No shipping and handling required
By By Leada Gore, Editor
Let’s say it’s 4 a.m. and you can’t sleep. Looking for a distraction, you turn on the television and flip through the channels. In between the old movies and shop-at-home channels you will find an array of infomercials.
These loud, brightly colored 30 minute commercials are designed to sell all sorts of products. There are choppers and cookers, blankets and razors, exercise equipment and home cleaning products.
There are certain things you can count on when you see these commercials.
The product will be made to appear wonderful, even life-changing. A quick view leaves you wondering how you ever lived without a chopper you could use with one hand or a glass bulb that will water your plants when you’re away.
Another trend in these commercials is a loud spokesperson who hawks the products through an array of demonstrations.
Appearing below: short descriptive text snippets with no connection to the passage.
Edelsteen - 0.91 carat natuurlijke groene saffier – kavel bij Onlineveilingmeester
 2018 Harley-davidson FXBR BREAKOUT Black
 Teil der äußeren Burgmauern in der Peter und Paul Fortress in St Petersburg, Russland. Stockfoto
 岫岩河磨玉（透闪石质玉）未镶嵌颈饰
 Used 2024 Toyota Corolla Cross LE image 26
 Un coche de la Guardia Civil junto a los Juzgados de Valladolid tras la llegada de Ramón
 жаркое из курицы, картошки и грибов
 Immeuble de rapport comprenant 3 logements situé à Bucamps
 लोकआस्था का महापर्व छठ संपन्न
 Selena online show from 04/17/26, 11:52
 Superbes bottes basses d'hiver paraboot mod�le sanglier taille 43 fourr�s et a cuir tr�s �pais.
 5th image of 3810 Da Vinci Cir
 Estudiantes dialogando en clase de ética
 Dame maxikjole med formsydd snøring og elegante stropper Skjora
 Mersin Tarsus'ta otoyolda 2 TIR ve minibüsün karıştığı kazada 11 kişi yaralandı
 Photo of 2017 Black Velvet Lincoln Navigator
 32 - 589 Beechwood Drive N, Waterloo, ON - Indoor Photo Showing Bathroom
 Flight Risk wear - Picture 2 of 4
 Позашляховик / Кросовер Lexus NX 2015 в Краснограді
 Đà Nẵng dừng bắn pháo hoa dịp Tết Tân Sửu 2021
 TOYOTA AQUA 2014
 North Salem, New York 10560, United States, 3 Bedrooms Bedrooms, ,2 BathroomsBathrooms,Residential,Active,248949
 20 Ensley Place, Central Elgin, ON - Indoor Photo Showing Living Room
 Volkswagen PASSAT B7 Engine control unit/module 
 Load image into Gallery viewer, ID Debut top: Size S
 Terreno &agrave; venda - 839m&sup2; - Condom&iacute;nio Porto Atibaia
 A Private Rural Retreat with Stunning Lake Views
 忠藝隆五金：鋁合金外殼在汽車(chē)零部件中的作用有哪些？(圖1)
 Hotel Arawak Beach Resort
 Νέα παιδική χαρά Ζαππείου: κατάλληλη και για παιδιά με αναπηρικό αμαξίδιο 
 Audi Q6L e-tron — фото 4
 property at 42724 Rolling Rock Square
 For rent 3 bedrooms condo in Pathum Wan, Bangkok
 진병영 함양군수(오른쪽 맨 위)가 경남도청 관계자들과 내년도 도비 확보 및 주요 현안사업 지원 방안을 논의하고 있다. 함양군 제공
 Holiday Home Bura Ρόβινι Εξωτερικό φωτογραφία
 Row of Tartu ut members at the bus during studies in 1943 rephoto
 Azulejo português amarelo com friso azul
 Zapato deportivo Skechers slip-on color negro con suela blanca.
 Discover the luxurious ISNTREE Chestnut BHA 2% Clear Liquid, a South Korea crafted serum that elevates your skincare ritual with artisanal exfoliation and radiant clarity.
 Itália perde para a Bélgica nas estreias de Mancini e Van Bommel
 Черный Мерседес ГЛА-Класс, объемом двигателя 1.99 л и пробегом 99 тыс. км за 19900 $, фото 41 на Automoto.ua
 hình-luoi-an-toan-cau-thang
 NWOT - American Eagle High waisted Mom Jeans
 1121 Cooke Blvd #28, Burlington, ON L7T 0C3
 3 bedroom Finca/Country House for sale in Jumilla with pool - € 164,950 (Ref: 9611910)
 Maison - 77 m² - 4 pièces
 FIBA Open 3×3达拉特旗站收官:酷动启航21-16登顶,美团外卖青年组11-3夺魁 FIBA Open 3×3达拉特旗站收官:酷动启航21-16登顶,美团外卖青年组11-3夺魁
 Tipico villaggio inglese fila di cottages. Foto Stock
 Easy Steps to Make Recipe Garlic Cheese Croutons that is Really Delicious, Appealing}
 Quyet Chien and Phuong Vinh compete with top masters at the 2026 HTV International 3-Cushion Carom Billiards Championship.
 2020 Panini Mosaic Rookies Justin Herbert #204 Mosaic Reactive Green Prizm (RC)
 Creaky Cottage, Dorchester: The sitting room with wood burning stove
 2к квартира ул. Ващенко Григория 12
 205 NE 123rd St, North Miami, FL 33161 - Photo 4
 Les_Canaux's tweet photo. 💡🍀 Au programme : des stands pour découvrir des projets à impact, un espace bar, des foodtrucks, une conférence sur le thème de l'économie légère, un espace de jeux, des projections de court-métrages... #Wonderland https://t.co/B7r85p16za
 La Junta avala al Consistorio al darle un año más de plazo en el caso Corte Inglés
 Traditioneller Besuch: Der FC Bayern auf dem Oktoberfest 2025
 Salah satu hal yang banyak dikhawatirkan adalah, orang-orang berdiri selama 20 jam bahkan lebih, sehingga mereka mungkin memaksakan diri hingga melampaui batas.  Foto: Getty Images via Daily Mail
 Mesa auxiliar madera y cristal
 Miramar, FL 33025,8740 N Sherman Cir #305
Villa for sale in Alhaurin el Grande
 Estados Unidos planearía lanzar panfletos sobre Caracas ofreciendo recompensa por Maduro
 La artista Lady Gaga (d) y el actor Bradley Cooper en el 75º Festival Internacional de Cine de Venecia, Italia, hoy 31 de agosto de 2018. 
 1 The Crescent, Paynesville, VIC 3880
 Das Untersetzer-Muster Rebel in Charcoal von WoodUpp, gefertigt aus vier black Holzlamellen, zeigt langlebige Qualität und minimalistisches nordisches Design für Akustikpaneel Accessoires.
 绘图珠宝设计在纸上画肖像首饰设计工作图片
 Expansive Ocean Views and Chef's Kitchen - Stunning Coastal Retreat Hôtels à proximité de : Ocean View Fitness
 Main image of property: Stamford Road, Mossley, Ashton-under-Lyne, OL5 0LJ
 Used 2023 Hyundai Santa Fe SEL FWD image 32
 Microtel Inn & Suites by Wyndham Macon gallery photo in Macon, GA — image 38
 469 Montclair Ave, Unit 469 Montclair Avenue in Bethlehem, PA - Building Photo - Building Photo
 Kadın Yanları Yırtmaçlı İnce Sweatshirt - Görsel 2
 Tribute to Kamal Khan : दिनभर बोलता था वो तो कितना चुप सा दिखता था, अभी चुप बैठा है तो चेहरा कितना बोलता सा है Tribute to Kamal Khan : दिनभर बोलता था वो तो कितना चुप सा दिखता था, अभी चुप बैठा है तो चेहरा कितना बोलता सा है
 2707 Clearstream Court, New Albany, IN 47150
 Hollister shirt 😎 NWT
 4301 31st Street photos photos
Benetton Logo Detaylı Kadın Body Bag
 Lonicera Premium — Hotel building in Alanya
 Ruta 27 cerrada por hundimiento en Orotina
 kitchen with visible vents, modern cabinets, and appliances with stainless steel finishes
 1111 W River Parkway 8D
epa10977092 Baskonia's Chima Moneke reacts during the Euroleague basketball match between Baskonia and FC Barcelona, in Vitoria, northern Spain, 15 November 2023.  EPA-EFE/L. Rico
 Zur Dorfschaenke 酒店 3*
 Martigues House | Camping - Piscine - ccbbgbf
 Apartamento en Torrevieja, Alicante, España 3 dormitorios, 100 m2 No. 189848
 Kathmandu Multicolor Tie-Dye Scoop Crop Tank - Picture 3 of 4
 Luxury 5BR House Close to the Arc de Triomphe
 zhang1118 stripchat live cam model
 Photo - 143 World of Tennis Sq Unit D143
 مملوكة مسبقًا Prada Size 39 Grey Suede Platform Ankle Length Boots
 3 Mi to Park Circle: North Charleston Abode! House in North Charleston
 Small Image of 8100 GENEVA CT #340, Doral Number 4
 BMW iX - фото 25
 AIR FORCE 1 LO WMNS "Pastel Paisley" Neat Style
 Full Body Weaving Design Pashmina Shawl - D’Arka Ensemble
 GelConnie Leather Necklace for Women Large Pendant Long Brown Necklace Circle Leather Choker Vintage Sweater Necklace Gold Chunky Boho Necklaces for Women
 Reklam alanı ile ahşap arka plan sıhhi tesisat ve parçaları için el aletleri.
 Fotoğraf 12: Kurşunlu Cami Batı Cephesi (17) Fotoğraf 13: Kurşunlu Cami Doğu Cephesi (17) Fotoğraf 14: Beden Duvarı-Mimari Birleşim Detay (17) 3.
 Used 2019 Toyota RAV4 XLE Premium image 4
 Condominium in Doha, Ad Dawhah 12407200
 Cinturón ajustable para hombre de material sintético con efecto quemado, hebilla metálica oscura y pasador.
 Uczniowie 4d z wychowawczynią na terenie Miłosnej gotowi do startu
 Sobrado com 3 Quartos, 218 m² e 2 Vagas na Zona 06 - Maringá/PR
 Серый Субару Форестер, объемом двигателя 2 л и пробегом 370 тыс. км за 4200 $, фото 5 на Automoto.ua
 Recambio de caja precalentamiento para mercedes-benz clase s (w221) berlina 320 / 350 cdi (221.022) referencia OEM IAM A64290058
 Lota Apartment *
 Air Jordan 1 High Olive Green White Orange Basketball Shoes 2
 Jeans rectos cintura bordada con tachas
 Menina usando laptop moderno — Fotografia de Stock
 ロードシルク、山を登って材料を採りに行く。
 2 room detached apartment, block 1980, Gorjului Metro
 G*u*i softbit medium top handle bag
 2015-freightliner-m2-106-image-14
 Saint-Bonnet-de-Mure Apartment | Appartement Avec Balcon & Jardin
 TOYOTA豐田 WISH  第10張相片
Need to soak up the Nile River? The demonstrator has a towel for that.
Have wrinkles around your eyes? Let the announcer show you how putting electrodes on your temples will make them disappear.
Need flatter abs, a better tush or more-defined calves? The tanned and toned spokesperson will show you how to achieve each with just 10 minutes a day thanks to the handy, dandy Muscle-O-Nator.
You can also count on all the items being sold for the “low, low price of $19.99.” Usually, this “low, low” price includes a variety of free items, such as two Muscle-O-Nators for the price of one.
In addition to the $19.99 you can also count on paying extra shipping and handling. The shipping makes some sense, as in I’m sure it does cost something to mail these products.
The handling is another matter. What exactly encompassed handling and who determines what it costs? How much could it cost to take a pet groomer out of the warehouse and put it in a box? Are we talking $20 or $200?
By the time you pay the shipping and handling, your $19.99 product will end up costing you somewhere around $50, a price that seems pretty steep for a blanket that wraps around your arms.
The combination of the amazing demonstrations, hard-selling announcers and low, low price makes each of the items almost impossible to leave on the shelf.
Before you know it, you’ve bought $500 worth of potato choppers, pet hair vacuums and Chia pets that look like the president…all because you just couldn’t sleep.